Political polls; bah humbug!
Polls do not predict the future; they only record public opinion at a slice of time.
That truism can’t be repeated often enough. Sadly, it’s not. People still look to polls to deliver the low-down on which candidate will win.
That’s reinforced by the never-ending, over-reported, ceaseless and relentless candidate preference polls leading up to the Republican presidential primary. Check out realclearpolitics.com to see how many rain down on us. Unfortunately, the site reinforces the predictive idea by publishing a “scorecard” to compare how close they came to the actual vote. count.
I know a thing or two about polling because as a reporter at the Chicago Sun-Times I worked with Gallup to publish a poll about the Chicago mayoral race in 1983.
The Democratic primary was a heated three-way race by three candidates: incumbent mayor Jane Byrne (no relation); Richard M. Daley, son of the legendary Mayor Richard J. Daley, and Harold Washington, a long-time black local and congressional lawmaker.
Gallup used the latest, scientific methods to conduct a number of polls as the primary election neared. My job was to turn the social science gobbledygook into readable stories.
The polls consistently showed that Washington trailed the two white candidates—Byrne and Daley. Thanks to the polling, the “smart” betting was on those two; Washington was given a slim chance.
Washington won.
Byrne trailed narrowly, and Daley somewhat more in third.
Came the questions from all sides: Why were the polls so far off? What was wrong with the polls? Were black voters reluctant to tell a stranger on the phone that they favored the black candidate? Were black voters harder to find? Did the pollsters miss the 50,000 newly registered black voters? Was there a last-minute surge of black voters?
Or was nothing wrong with the polls? I don’t know. But a predictive tool, it was not.
So what do we make of the daily revelations of polls that show former President Donald Trump a runaway winner? Could they be so far “wrong” if Ron DeSantis or Niki Haley win the upcoming Iowa caucuses in an “upset?” Would it really be an upset if the polls were so flawed in accurately portraying the race?
I don’t know. But I’ve learned not to trust them, and certainly not use them as a basis for whom I would vote.

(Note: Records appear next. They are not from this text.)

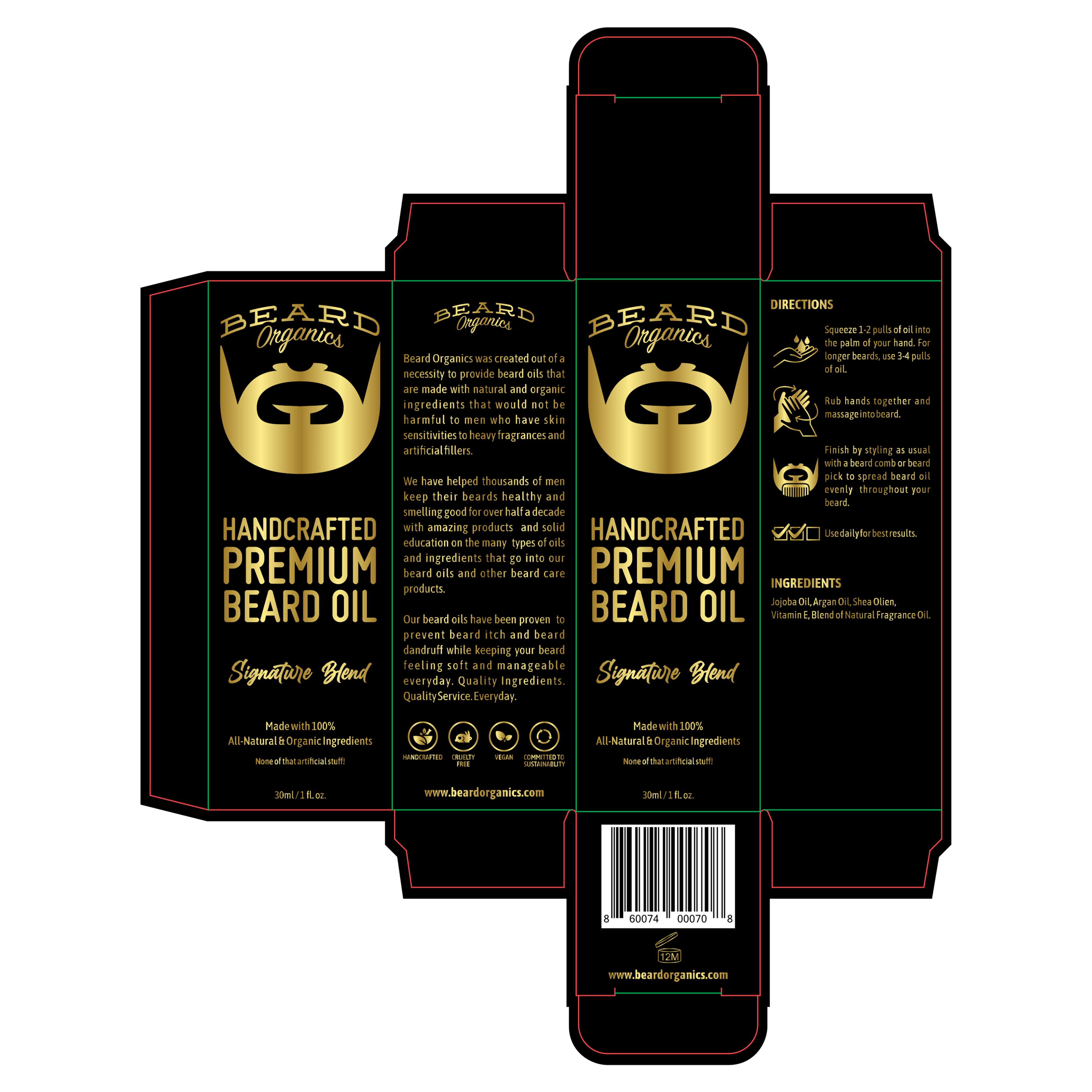 Design Emballage par RenCan pour Beard Organics LLC | Design #28198361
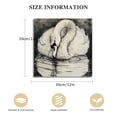 thumbnail image 2 of FANNA Art Vintage Retro Forest Lake Swan Bird Portrait Animals Wilderness Illustrations Fine Art Wildlife Relax/Calm Sepia Duotone for Living Room, Bedroom, Office 12x12 in, 2 of 5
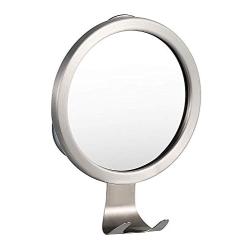 Fogless Shower Mirror, Shaving Mirror, with Shaver Hanger Removable Protable 1 second installation Fog-Free for Bathroom Aluminum Frame Simple Design Decorate your Home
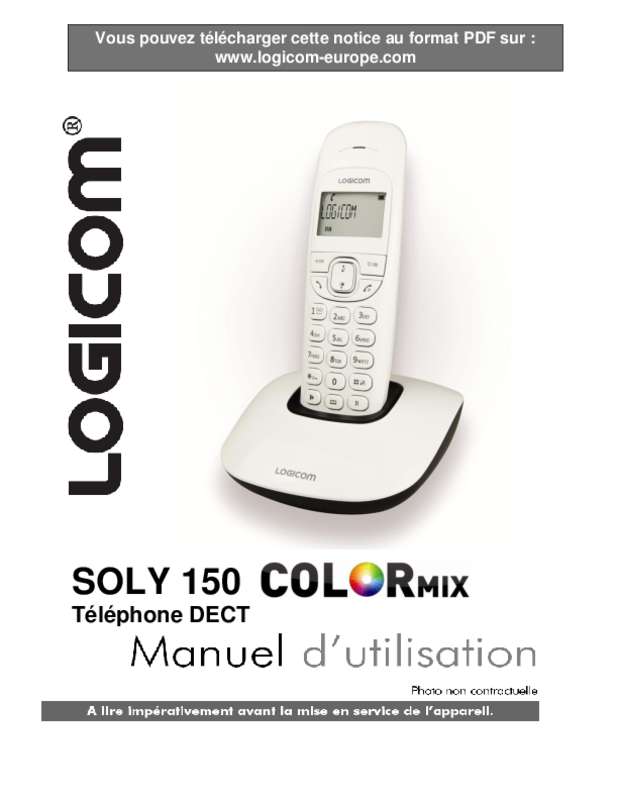 Guide utilisation LOGICOM SOLY 150 COLORMIX  de la marque LOGICOM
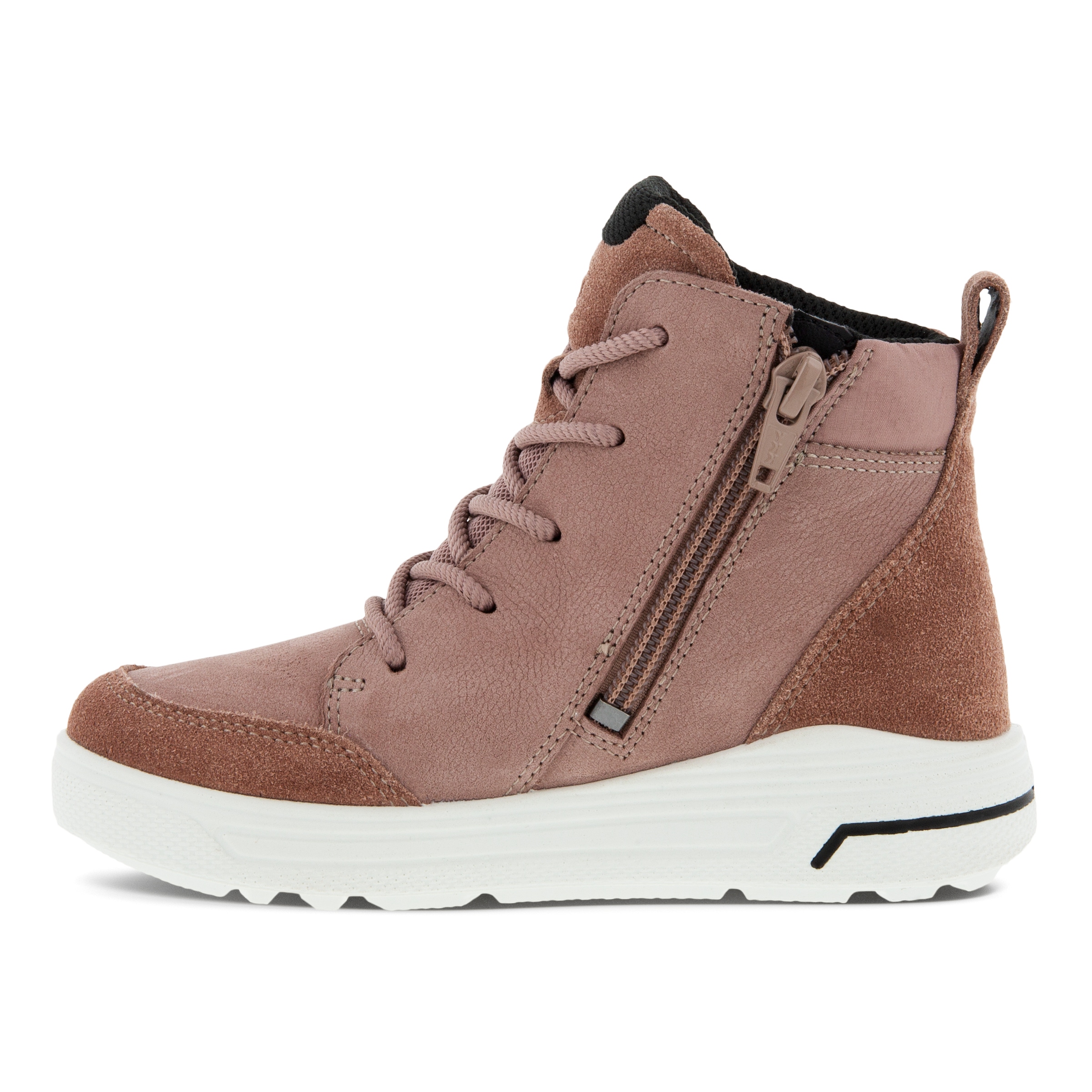 Botines de invierno de nobuk Gore-Tex ECCO® Urban Snowboarder para niño/a - Rosa - Inside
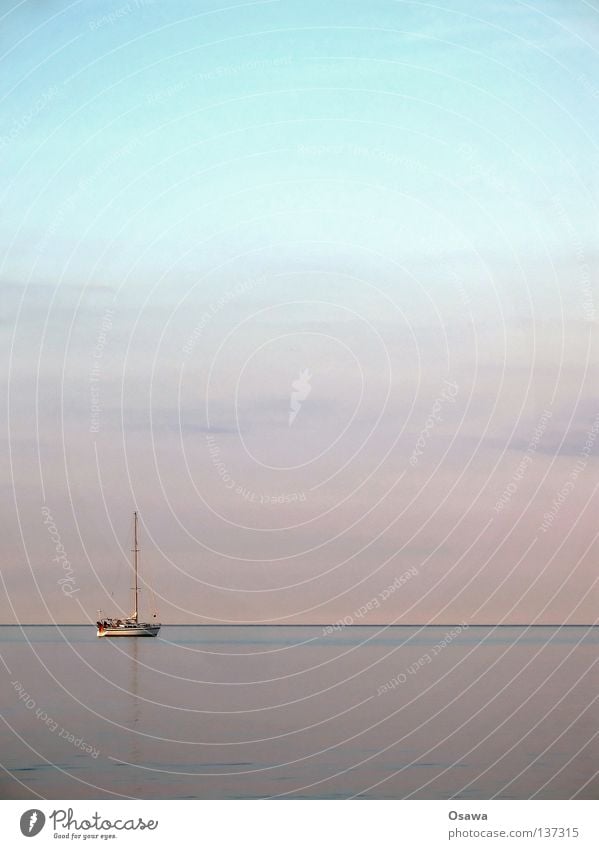 Tag am Meer Horizont Dämmerung Sonnenuntergang Wolken Wasserfahrzeug Segelboot Ferien & Urlaub & Reisen Segeln Segeltörn Regatta Pazifik Atlantik Küste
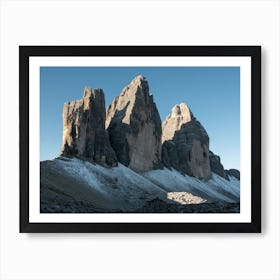 Tre Cime, Hiking In The Dolomites Affiche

A footnote: The 1983 elections was the first time that the Sun-Times used a professional polling operation. Prior to that, the paper unleashed a flood of interviewers at grocery stores, train stations and elsewhere to gather the data. It lacked the methodological rigor about such things as the size and quality of the sample. And yet…they almost always more “accurately” measured the outcome.